# Dictionary

A data structure whose items are pairs of `key:value`; `keys` are unique (form a set).

In [1]:
d0 = {}   #  an empty dictionary
d1 = {'one':1, '2':'two', 3:'3', 2:'two'}  # a dictionary with 4 items
print(d1)

d1[4] = '****'  # ad a new item
d1[3] = '4-1' # modifies the value of 3
d1[2] = ('2', 'two') # modifies the value of 2

print( d1['one'], d1[2], d1['2'] )

# print(d1['five']) KeyError

{'one': 1, '2': 'two', 3: '3', 2: 'two'}
1 ('2', 'two') two


### Operations

The `in` checks whether an object is a key of the dictionary. Its cost can be assumed constant.

In [2]:
print( 'one' in d1)

True


The 'indexing' returns the value corresponding to a given key. Its cost can be assumed constant.

In [3]:
print(d1[2])

('2', 'two')


The function `len` can be use to get the number of items (paris) in the dictionary. The methods `keys` and `values` return the list of the keys and of the values of the dictionary.

In [4]:
print(len(d1))
print(d1.keys())
print(d1.values())

5
dict_keys(['one', '2', 3, 2, 4])
dict_values([1, 'two', '4-1', ('2', 'two'), '****'])

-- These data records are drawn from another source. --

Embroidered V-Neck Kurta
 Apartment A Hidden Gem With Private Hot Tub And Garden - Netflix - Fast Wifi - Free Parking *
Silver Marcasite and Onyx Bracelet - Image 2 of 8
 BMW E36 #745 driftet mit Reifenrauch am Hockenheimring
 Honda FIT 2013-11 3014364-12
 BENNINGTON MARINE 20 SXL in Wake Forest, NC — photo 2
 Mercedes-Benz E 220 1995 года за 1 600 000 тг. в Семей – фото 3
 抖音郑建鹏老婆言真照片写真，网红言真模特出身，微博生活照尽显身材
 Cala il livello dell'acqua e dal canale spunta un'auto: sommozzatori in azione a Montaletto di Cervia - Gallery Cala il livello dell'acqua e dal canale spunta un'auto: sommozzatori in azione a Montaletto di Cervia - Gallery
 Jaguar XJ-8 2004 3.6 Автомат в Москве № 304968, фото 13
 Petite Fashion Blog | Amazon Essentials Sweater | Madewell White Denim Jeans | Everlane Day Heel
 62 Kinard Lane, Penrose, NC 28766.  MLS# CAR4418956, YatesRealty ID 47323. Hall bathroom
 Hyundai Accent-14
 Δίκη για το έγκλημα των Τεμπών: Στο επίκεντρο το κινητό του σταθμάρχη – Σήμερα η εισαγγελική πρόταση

### Improving efficiency with dictionaries : the intersection problem

If we put the items of the lists in two dictionaries, the `in` operation will require constant cost instead of linear cost.

In [5]:
def intersection( a, b ):
    '''
    Parameters
    ----------
    a, b : lists of items

    Returns
    -------
    a list c that contains the intersection of a and b (no repetitions!)

    '''
    
    n, m = len(a), len(b) # O(1) time
    c = [] #  the output, the intersection between a and b
    
    d_b = {}
    for x in b: # O(m)
        d_b[x] = None
    d_a = {}
    for x in a: # O(n)
        d_a[x] = None
    
    for x in d_a: # for n times
        if (x in d_b): # O(1)
            c.append(x) # O(1)
            
    return c

a = [4, 2, 9, 0, 2, 8, 3, 4]
b = [3, 1, 9, 10, 7, 8, 3]

c = intersection(a, b)
print(c)

[9, 8, 3]


The time complexity is: `O(n+m)`
The space complexity: `O(n+m)` because the size of `d_a` and `d_b`. The next version of the function takes in input two dictionaries the encode sets. In this case, it is more worthwhile to optimize the main loop.

In [6]:
def intersection(s0, s1):
    '''
    Input: s0, s1 are dictionaries tha implement sets.
        The items of the set implemented by s0 are the keys
        of s0
        
    Returns: the dictionary that describes the intersection set
    '''
    # n = len(s0), m = len(s1)
    
    s = {}   # O(1) in a.c. 
    
    # this are two aliases
    d0, d1 = (s0, s1) if min(len(s0), len(s1)) == len(s0) else (s1, s0)
    
    for x in d0: # for min(n, m)
        if x in d1: #  O(1) in a.c.
            s[x] = None # O(1) in a.c.
              
    return s

    # Time complexity O( min(n, m) )

Similarly, we can implement a `union` function.

In [7]:
def union(s0, s1):
    '''
    Input: s0, s1 are dictionaries tha implement sets.
        The items of the set implemented by s0 are the keys
        of s0
        
    Returns: the dictionary that describes the union set
    '''
    u = {}
    
    # n, m = len(s0), len(s1)
    
    for x in s0:
        u[x] = None
    for x in s1:
        u[x] = None
        
    # Time complexity is O(n+m) in a.c.
    return u

In [8]:
a = { 'one': None, 'two': None, 'zero': None, 'three':None }
b = { 'five': None, 'two': None, 'zero': None, 'nine':None }

print(intersection(a, b))
print(union(a, b))

{'two': None, 'zero': None}
{'one': None, 'two': None, 'zero': None, 'three': None, 'five': None, 'nine': None}


# Problem

Given two list sorted in increasing order, merge the two list in a new sorted list.

In [9]:
a = [2, 5, 7, 10, 13, 13, 32]
b = [0, 2, 4, 5, 10, 12, 21, 34, 50, 51, 90]

c = sorted(a+b)

Let `n` be the sum of the sizes of `a` and `b`. In the worst case the previous solution requires `O(n log n)` time. This solution do not use the hypotesis.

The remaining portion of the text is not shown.